Low environmental impact through being supplied with clean hydroelectricity, mining high grades with both the DFS and PEA Cases outlining a low footprint, no-cyanide operation, with a majority of tailings reporting underground as paste fill, and an environmentally friendly paste binder solution.   K92 plans to upgrade the grid infrastructure, which is expected to significantly reduce greenhouse gas emission intensity per ounce produced near-term. WSP Consultants has been engaged to complete a green house gas emissions forecast for the IDP which will improve K92’s corporate climate change goal and target setting, and which will be released in due course.

The IDP, which includes the Kainantu Stage 3 Expansion DFS Case and the alternative Kainantu Stage 4 Expansion PEA Case, was independently prepared by Lycopodium Minerals Pty Ltd of Brisbane, Australia; Entech Pty Ltd of Perth, Australia and Entech Mining Ltd of Toronto, Canada (collectively referred to as “Entech”); ATC Williams Pty Ltd (“ATC Williams”) of Brisbane, Australia; MineFill Services Pty Ltd. (“MineFill”) of Newcastle, Australia, and; H & S Consultants Pty. Ltd of Sydney, Australia.

The PEA is preliminary in nature and includes Inferred Mineral Resources that are considered too speculative geologically to have the economic considerations applied to them that would enable them to be categorized as Mineral Reserves, and there is no certainty that the PEA will be realized. Mineral Resources that are not Mineral Reserves do not have demonstrated economic viability. Mineral Reserves are defined by the Definitive Feasibility Study and are not predicated on the Preliminary Economic Assessment in any way.

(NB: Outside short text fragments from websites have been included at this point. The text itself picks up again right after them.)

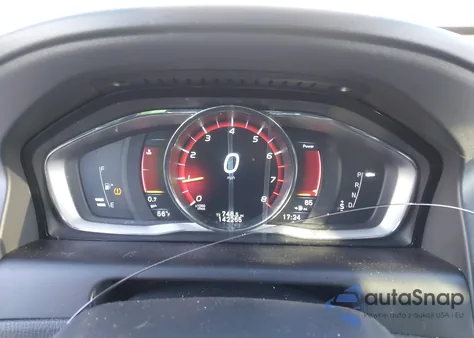 2017 Volvo Xc60 T6 Dynamic from USA, damaged, VIN YV449MRR8H2000633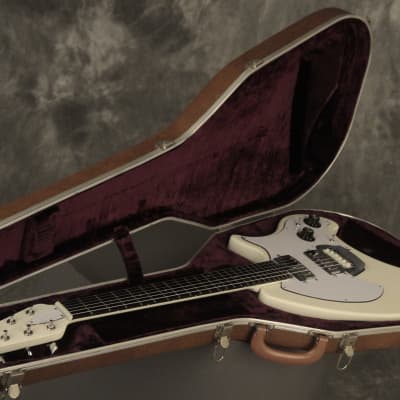 1970's Ovation BREADWINNER White with very early features image 25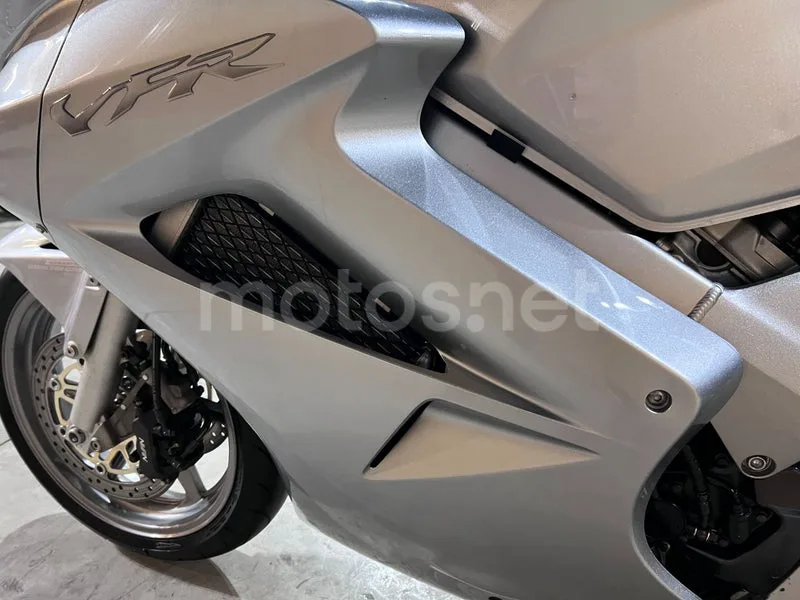 Honda VFR800F - Vista 54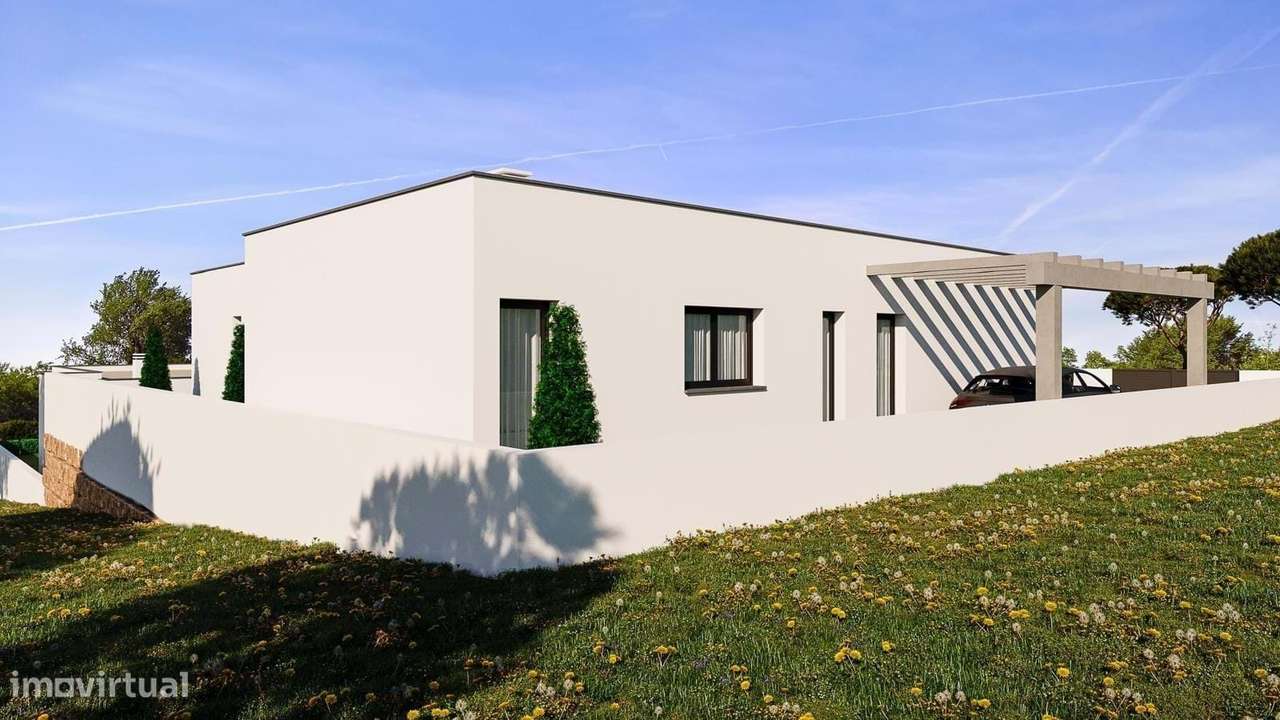 Moradia térrea com 3 quartos,    vista de Campo e piscina -  Cela ,-18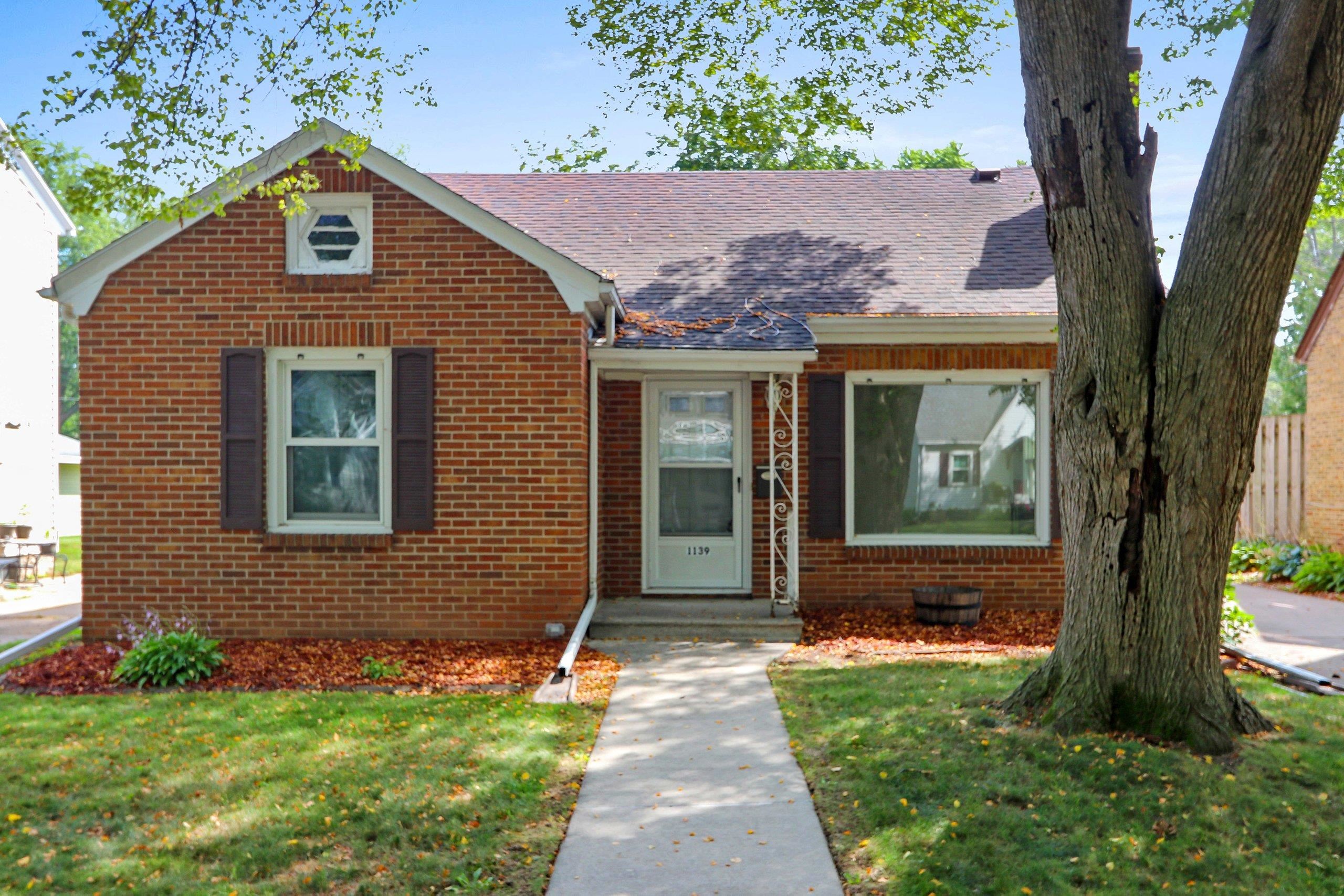 1139 14TH Avenue property preview photograph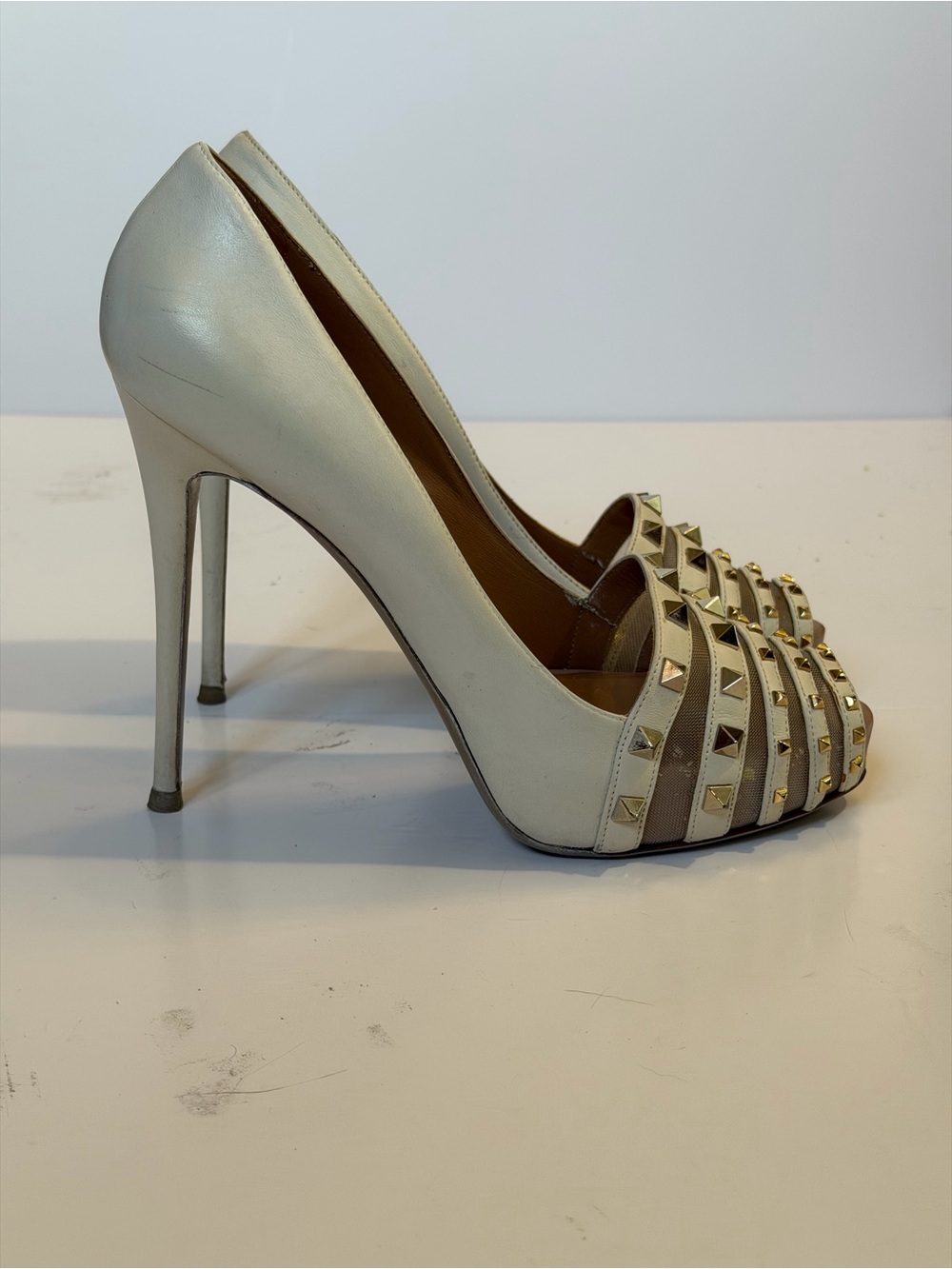 ✨authentic✨ Valentino Ivory Stud-Embellished Peep-Toe Pumps - Picture 4 of 8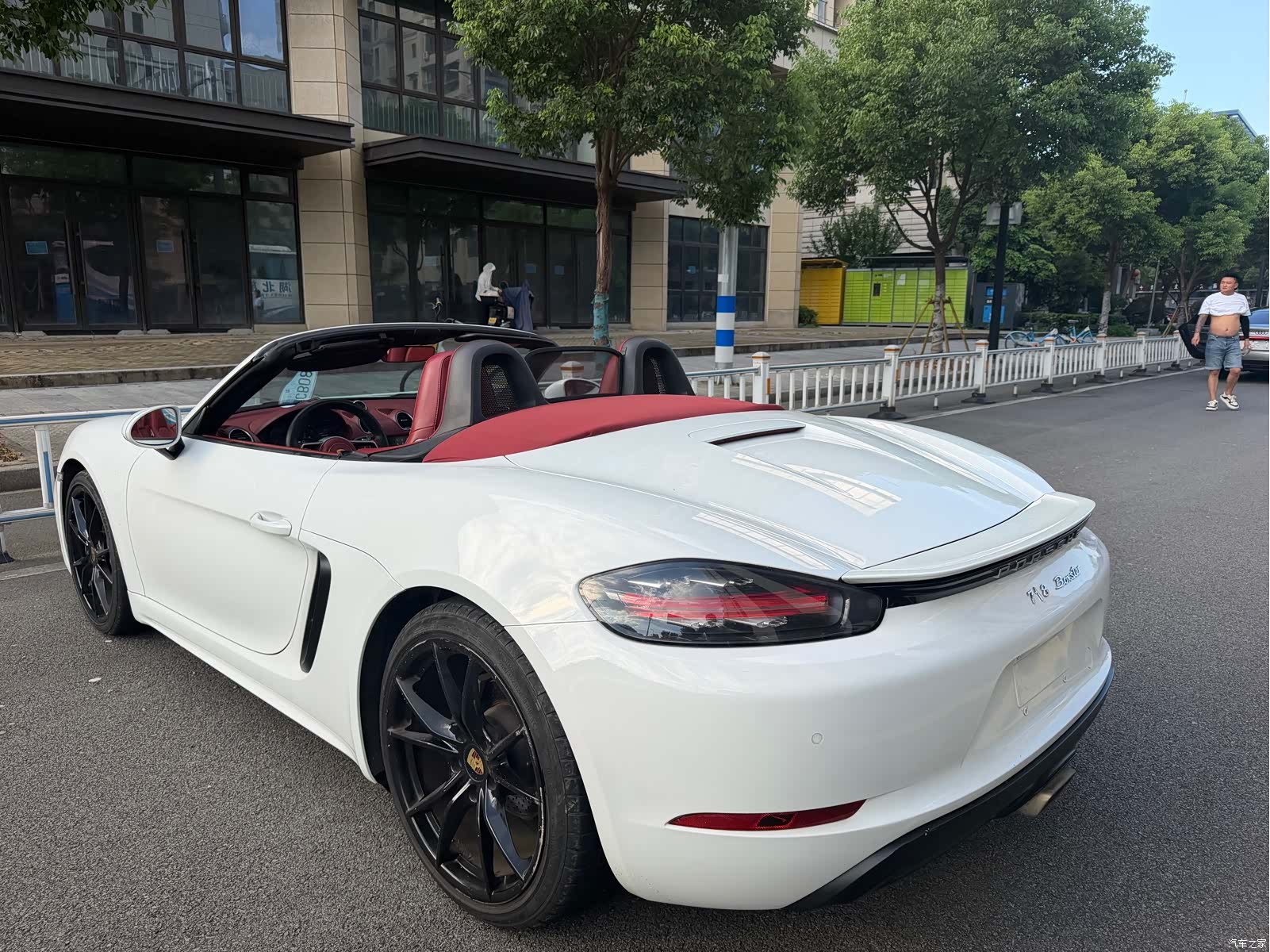 Porsche Boxster, 2022 11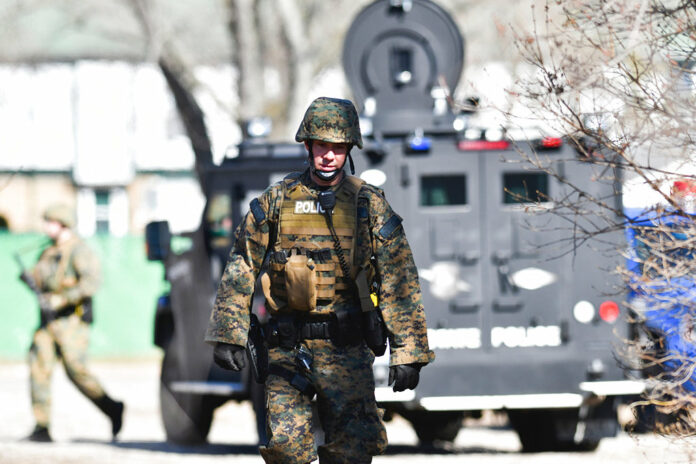 Law enforcement officers search a wooded area for a suspect involved in a shooting at a Central Michigan University residence hall on Friday, March 2, 2018 in Mt. Pleasant, Michigan. Photo: Matthew Dae Smith / Associated Press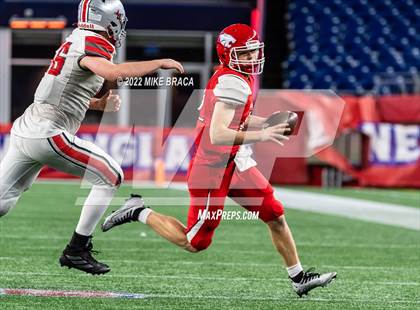 Thumbnail 3 in Wakefield Memorial vs Milton (MIAA Division 3 State Final) photogallery.
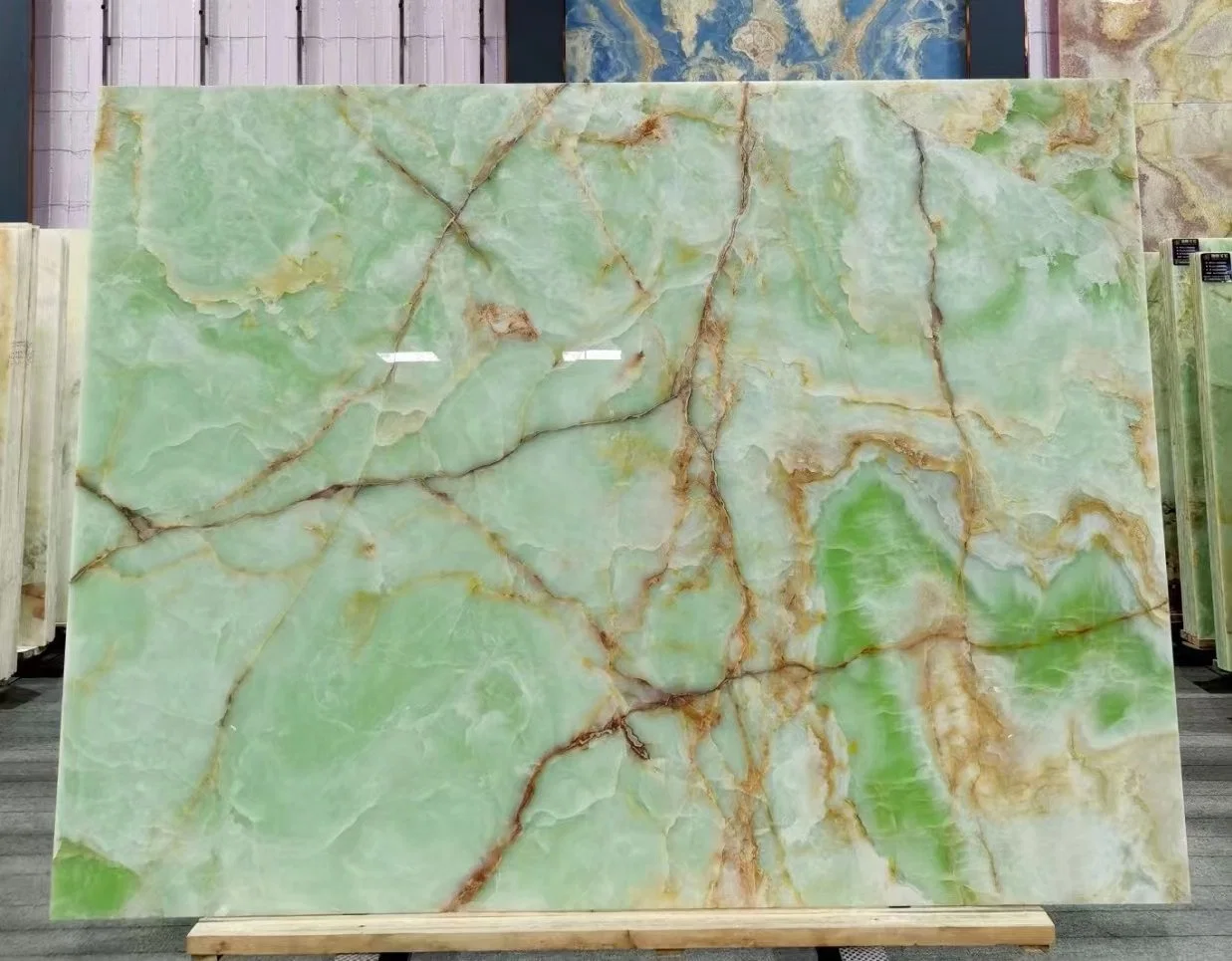 Factory Natural Green Onyx Stone with Translucent Tile/Slab for Home Decr/Hotel/Villa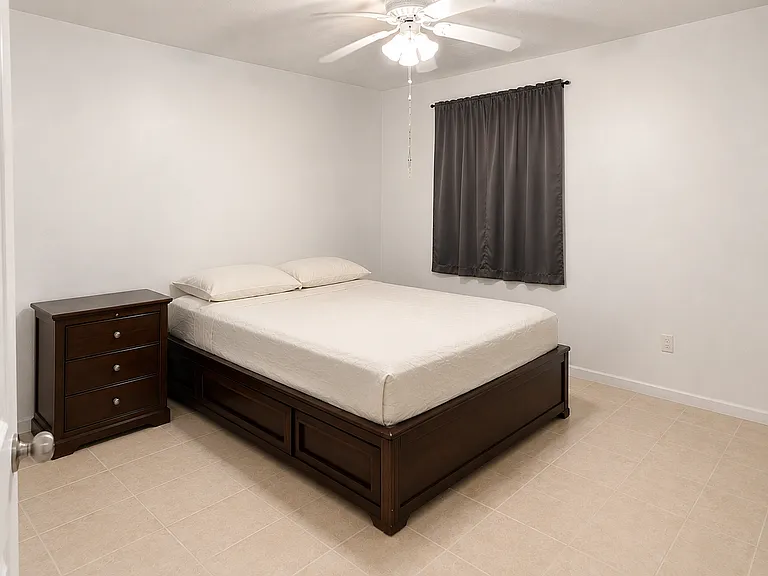 450 Commodore Dr #106 — Photo 6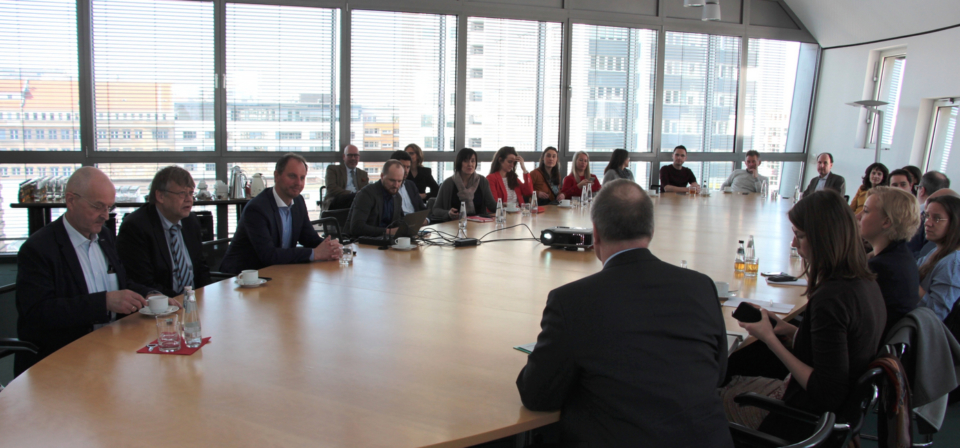 Pressesprecherinnen und Pressesprecher trafen sich im Haus der Presse, um sich über werbliche und redaktionelle Formate in kostenlosen Wochenzeitungen zu informieren. Foto: BVDA
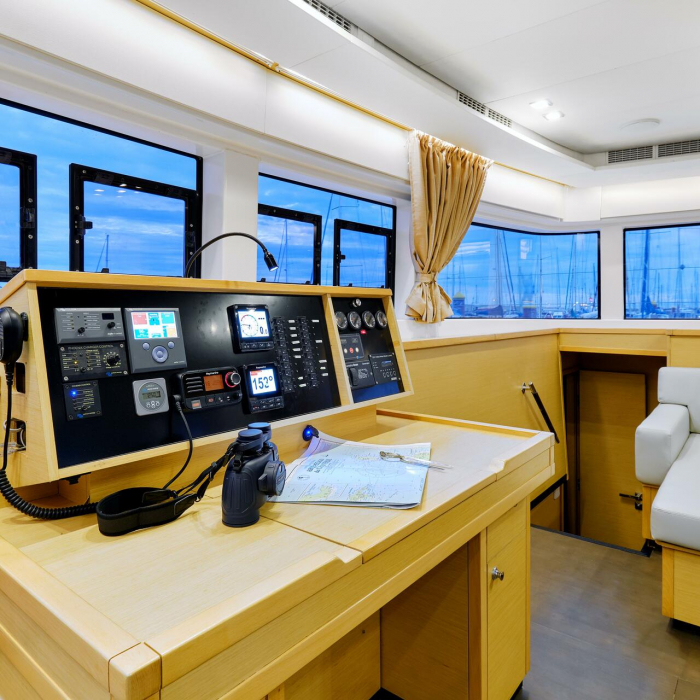 Neptuno | Lagoon 52F photo 73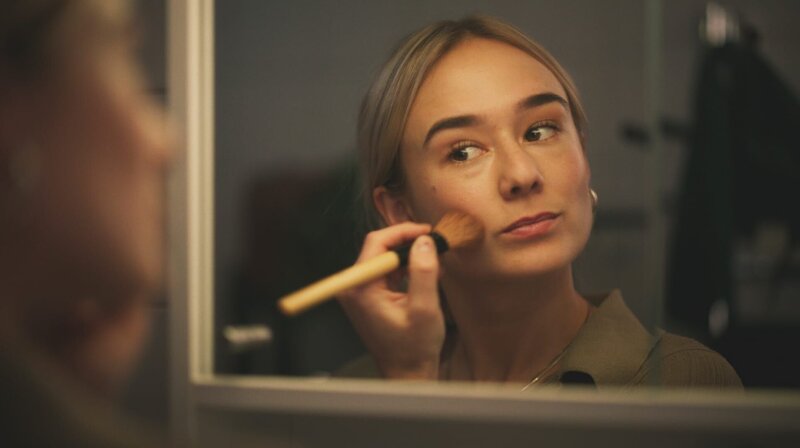 Hilma (Alba August) bereitet sich auf ihren großen Tag vor. – Bild: NDR/​Warner Bros International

John Lewins, Chief Executive Officer and Director, said, “The Integrated Development Plan represents a major milestone for K92, providing independent verification by some of the world’s leading engineering firms of Kainantu’s robust economics. The Stage 3 Expansion Definitive Feasibility Study delivers capital expenditures fully funded from mine cash flow, Tier 1 peak production scale of 309 koz AuEq, Tier 1 costs averaging over the life of mine of $366/oz cash costs and all-in sustaining cost of $545/oz and a solid after-tax NPV5% of $586 million at US$1,600/oz or US$855 million at US$2,000/oz over a 7-year mine life. It is also important to highlight that we see a tremendous opportunity to enhance the outcomes of the Integrated Development Plan through exploration in addition to other regional targets and have placed a major focus on this. Since late-2021, we have increased our exploration budget and our drills have shifted from predominantly infill drilling to resource growth exploration. There are up to 11 drill rigs operating on surface and underground, targeting multiple near-mine targets including Kora, Kora South, Judd and Judd South, with plans to target Kora Deeps later this year from the twin incline. Porphyry exploration has also made considerable progress with the maiden inferred resource at Blue Lake announced last month and surface exploration at A1 has already commenced."